Africa’s development needs are greatly aligned with Islamic finance given the continent’s infrastructure deficit, paving the way for more sharia-compliant products on the continent, according to Imran Mufti, partner at Riyadh-based law firm Hogan Lovells.
“Being attached to tangible infrastructure and development projects and assets which are much needed in Africa is in line with the ethos of Islamic finance,” he said. “Moreover, there is plenty of liquidity in the GCC region and the Middle East looking for viable investments. Africa offers investors there many choices.”
Mufti’s statement comes following three sukuk – or Islamic bonds – were issued in West Africa on the 18th October from Côte d’Ivoire, Senegal and Togo. Other sukuk came from Senegal in 2014 and another from the Côte d’Ivoire in 2015, making five in total.
Hogan Lovells advised the Islamic Corporation for the Development of the Private Sector (ICD) as lead arranger on all five sukuk issues. The total value of sukuk issued between 2014 and 2016 amounted to CFA766bn ($1.3bn).
Senegal’s first sukuk in 2014 was for CFA100bn ($166m) at 6.25% and will mature in 2018. Meanwhile, Côte d’Ivoire’s sukuk issued in 2015 was for CFA150bn ($250m) with a yield of 5.75%. In the most recent issues, Senegal’s CFA200bn ($332m) 2026 sukuk had a yield of 6%, while Côte d’Ivoire’s 2023 sukuk achieved a yield of 5.75% for CFA$160bn ($266m), and Togo’s 2026 issue of CFA156bn ($259m) had a yield of 6.5%.
Each sharia-compliant bond was listed on the regional bourse, the Bourse Régionale des Valeurs Mobilières (BRVM), which also serves Benin, Burkina Faso, Guinea-Bissau, Mali and Niger.
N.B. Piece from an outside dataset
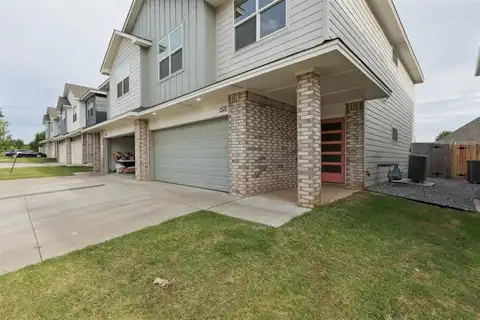 8917 NW 109th Lane, Oklahoma City, OK 73162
The sukuk were all linked to government-owned buildings.
Sukuk, although similar to traditional bonds, are linked to specific assets of which investors have partial ownership. Holders of sukuk have beneficial ownership of the underlying assets and can share in the revenue created by the assets, as opposed to receiving interest, as is the case with traditional debt issuance. Interest – or riba as it is known in Islamic finance – is forbidden under sharia law.
According to data from consulting firm EY, plugging Africa’s infrastructure deficit requires around $90bn in investment each year for the next ten years. Sukuk can be an affordable way for African governments to fill the gap, especially given the relatively low yields offered.
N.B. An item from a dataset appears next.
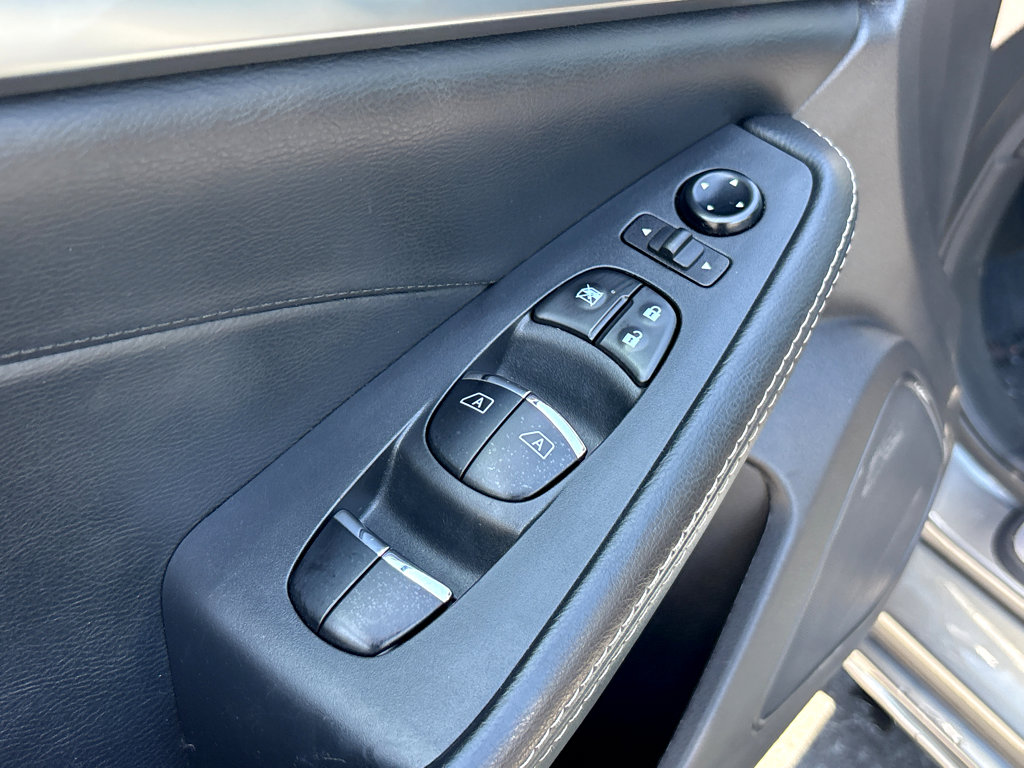 Used 2023 Nissan Maxima SV w/ Floor Mat Group image 21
“Moreover, sukuk are open to sharia compliant and non-sharia compliant investors, so the pool that this type of debt can tap into is much larger than with conventional bonds,” says Mufti. While Mufti is unable to provide exact figures, each sukuk was oversubscribed, he says.
The sukuk come at a time when sovereign Eurobond issues out of Africa have been subdued given global economic headwinds. At the same time, yields on African Eurobonds have been increasing given the risk-off sentiment of investors and imminent Fed tapering in the US.
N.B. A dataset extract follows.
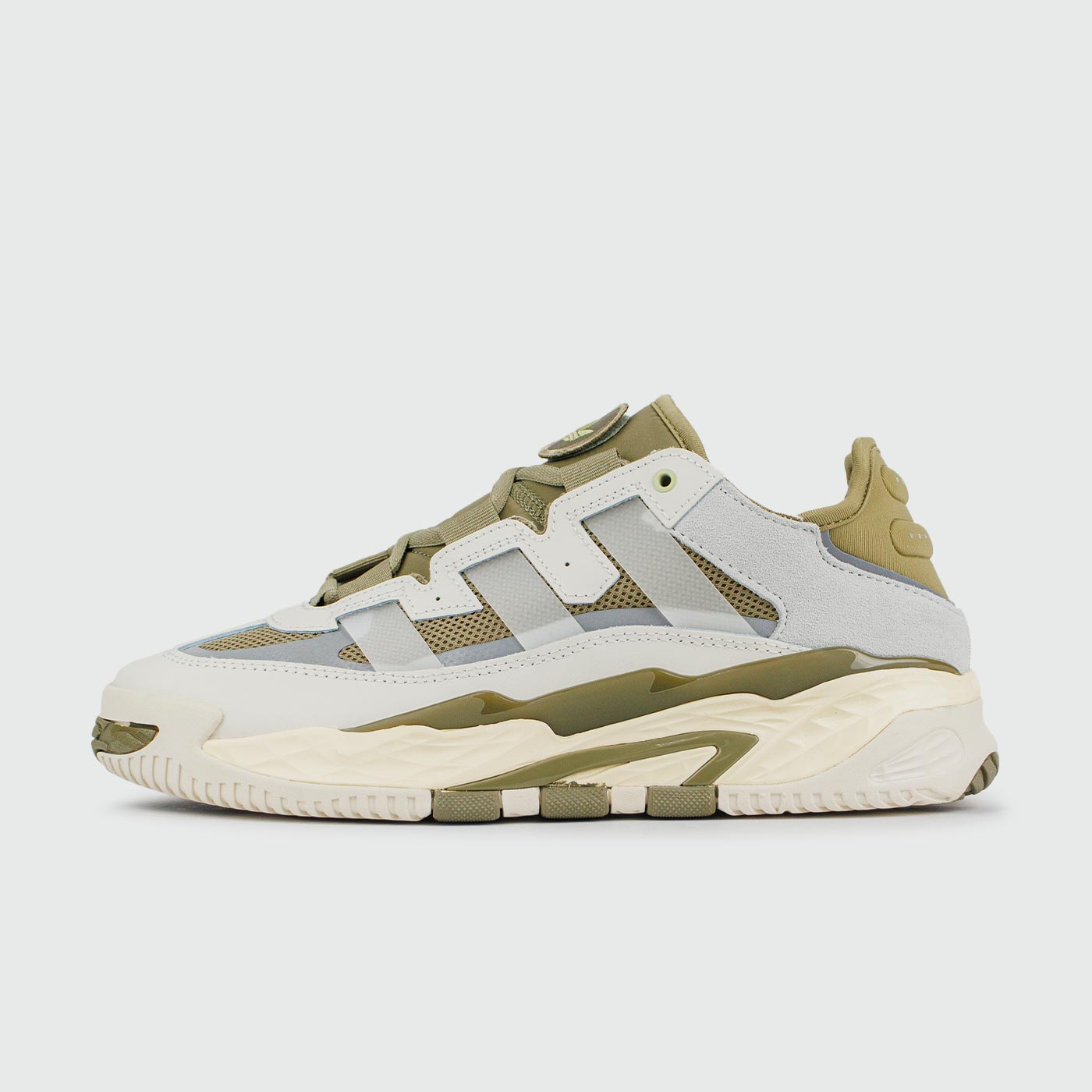 Niteball Grey/Orbit Green чаще выбирают клиенты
So far this year, South Africa sold $1.25bn of ten-year notes in April. Ghana, Nigeria and Tanzania have all expressed interest in issuing Eurobonds this year but nothing has come to fruition as yet.
“The latest sukuk issues’ success and tight yields – given difficult market conditions – show that investors are comfortable with sukuk from Africa,” says Mufti. “There will be much more sukuk out of the continent especially now as investors become increasingly more comfortable with Islamic finance in the region.”